However, there are important link parameters other than link speed/pure bandwidth, so there may be differences. First, latency on fiber can be better than on copper depending on the line encoding - fiber requires much less elaborate encoding (see below) than e.g. xDSL. However, lower latency doesn't make the fiber faster but sensitive applications may respond faster.

Second, fiber's scalability is much better - in the future, you can just call your provider and order more speed. Speed on copper may be very limited, depending on the line length and quality. Speed on fiber is practically limited by your budget only.

Third, reliability or packet loss ratio is usually much better on fiber than on copper. Copper is generally susceptible to EMI (depending on cable type, cable quality, link length, and environment) while fiber is practically immune.

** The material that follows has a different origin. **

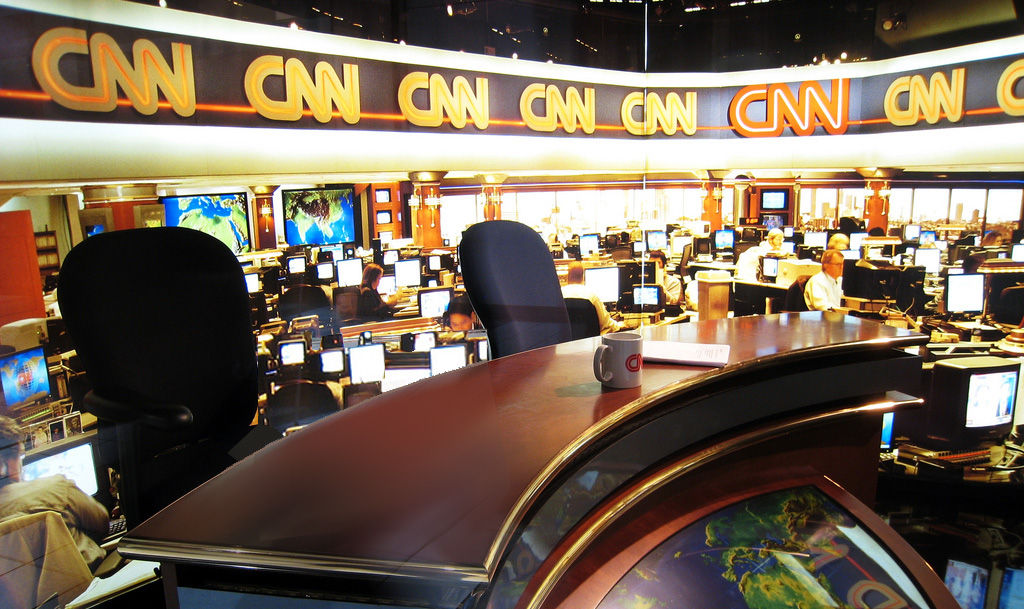 Apesar de possuir diversos afiliados, o canal norte-americano CNN transmite a partir de suas sedes em Atlanta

EDIT: in regard to "elaborate coding":

Fiber commonly uses 8b/10b line code with 20% line/bandwidth overhead, or 64b/66b line code with 3% overhead, but next to no time overhead or delay (less than a microsecond).

xDSL variants use OFDM/DMT and QAM encoding and modulation to cope with the channel's high attenuation/low signal-to-noise ratio. Reed-Solomon forward error-correction (FEC) is added to decrease the effective error rate, causing a transmission delay/added latency of a few milliseconds or a few thousand microseconds. Long lines also need to add interleaving for protection against burst errors, striping consecutive packets into each other - this causes significant, yet additional delay/latency in the order of 20 ms.

In a nutshell, voice-grade copper's low frequency bandwidth and its sensitivity to noise require elaborate encoding and FEC, which in turn significantly increase latency. Of course, when FEC fails and an error cannot be compensated, a retransmission is much worse than the usual 60 ms RTT for (long-line) ADSL.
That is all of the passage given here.